#### Given data
((

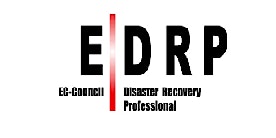 Imagem principal de EC-Council Disaster Recovery Professional (EDRP) Classroom CertCamp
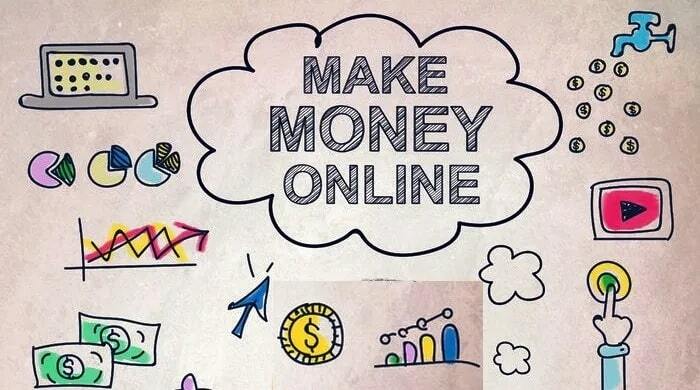 11 Real Ways to Make Money Online for Beginners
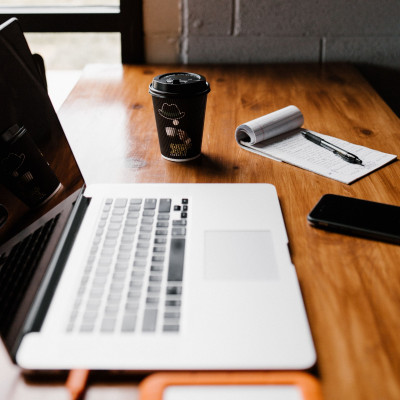 Πώς να συγκεντρωθείς στη δουλειά, όταν έχει συμβεί κάτι στο σπίτι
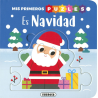 ES NAVIDAD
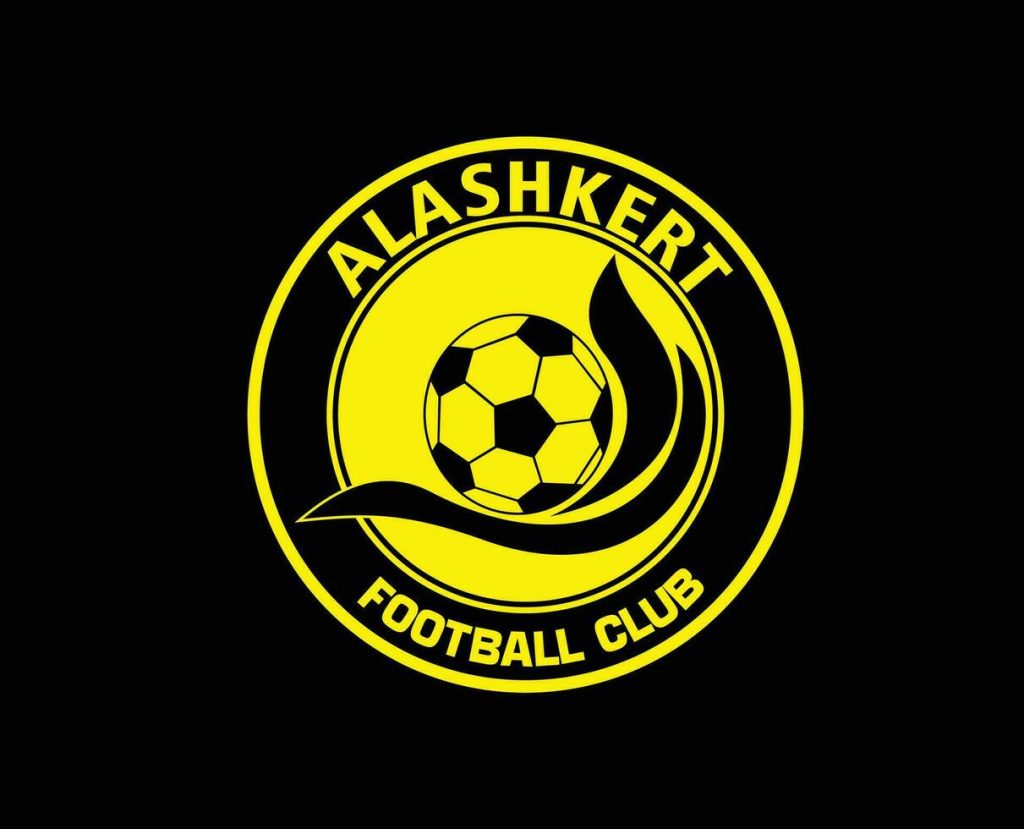 FC Alashkert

))

#### Your instructions
Your answer should consist solely of the lines from the one holding "Πώς να συγκεντρωθείς" through the end of the listing, reproduced exactly and without pictures.

#### Your response
 Πώς να συγκεντρωθείς στη δουλειά, όταν έχει συμβεί κάτι στο σπίτι
 ES NAVIDAD
 FC Alashkert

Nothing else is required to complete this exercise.